I also recently started the Dresden Files, and he's shown a remarkable ability to get shot and set on fire and thrown through fences - without letting it impact his performance, but with adequately describing the pain and the effort required to keep going on in spite of his wounds. Of course, he also passes out from his wounds, or gets KO'd outright, on a fair number of occasions.

All in all, I would say that Hit Points do a fantastic job of emulating the wounds that happen in the relevant fiction. (Thankfully, I have little basis in reality with which to offer comparison.)

I'd beg to differ; as applied to D&D, hit points are a terrible representation of the idea of fighting through pain despite wounds, passing out from wounds, being KO'd, etc.

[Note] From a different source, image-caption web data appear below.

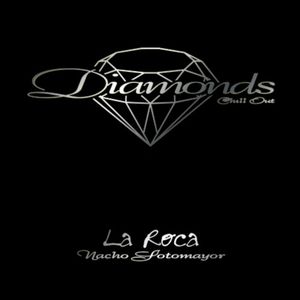 La Roca (Diamonds)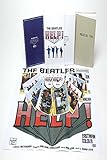 The Beatles - Help (The Movie) - Limited Edition [Deluxe Edition] [2 DVDs] [Deluxe Edition]
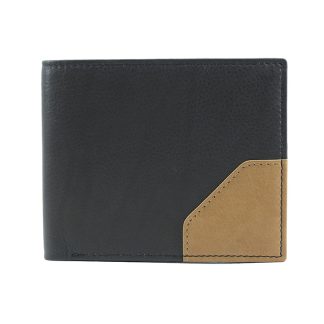X9599 - Men's Bifold Wallet X9599 - Men's Bifold Wallet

In D&D, you can not be KO'd or pass out from wounds solely and directly due to a particular wound unless that wound takes you below 0 (or your DM is using the massive damage rule and you happen to take enough damage in a single blow to cross that threshold). For routine "the orc hits, you take 6 points of damage" wounds during combat when you still have enough hp, you subtract it from your hp total and continue on as if nothing happened. All of the conditions are independent (stunned, dazed, shaken, etc.) of the amount of hit point damage a particular attack causes. It is a binary effect. You are either 100% effective or your hp crosses zero and you are now 100% ineffective. SWSE tries to fix this using the condition track, but I'm not certain how effective it is as I've never played SWSE.

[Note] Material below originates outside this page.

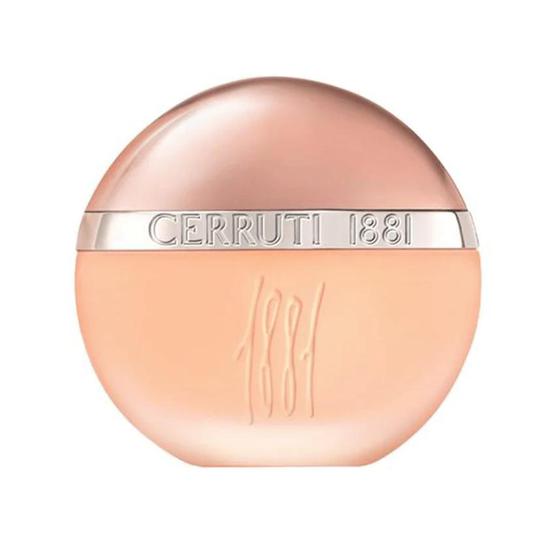 Cerruti 1881 Pour Femme Eau De Toilette 30ml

Let's compare that to some other systems.

1. Marvel Superheroes (yellow box) - you subtract damage taken from your health. When it hits zero, you have to make an Endurance check. You either end up being unconscious or (if you make a bad roll), you start dying - every round your Endurance drops one rank until you cack it or someone helps you.

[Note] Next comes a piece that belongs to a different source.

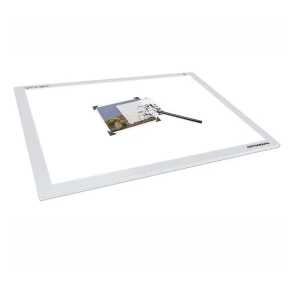 ArtoGraph LightPad A950 - 432x610mm - A2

This sounds very similar to D&D. I'd argue that for a supers game, this type of mechanic works. For D&D in anything other than a superheroic mode of play, it doesn't.

2. Star Frontiers - when your current Stamina drops below 1/2 of the full amount, you can only move at half speed and carry only half, your attacks are at a -10% penalty and you can only fire one shot per turn. Any to-hit roll of 01 or 02 (%-tile system) causes unconsciousness, as does any blunt attack roll that ends with a zero (i.e. 10, 20, 30, etc.) Burn damage that is more than half your Stamina score completely incapacitates you. Not perfect, but certainly shows some intent to cause capability degradation as the character continues to take damage.

3. TORG - this system allows four types of damage when an attack causes injury - shock, knockout, wounds, or knockdown. Shock damage results in unconsciousness. knockouts are a tiered set of damage (representing getting your bell rung) that can lead to unconsciousness or add to your shock damage. Knockdown does just what it says. Wounds have four levels (wounded, heavily wounded, mortally wounded, and dead). Wounds are cumulative (have a heavy wound already and take a second - you are now mortally wounded). Each wound level provides penalties to actions. Mortal wounds also give you shock damage each round. The amount of damage you do results in a sliding scale that starts with KO damage and knockdowns at the lower end and ends up with wounds and shock damage at the higher end.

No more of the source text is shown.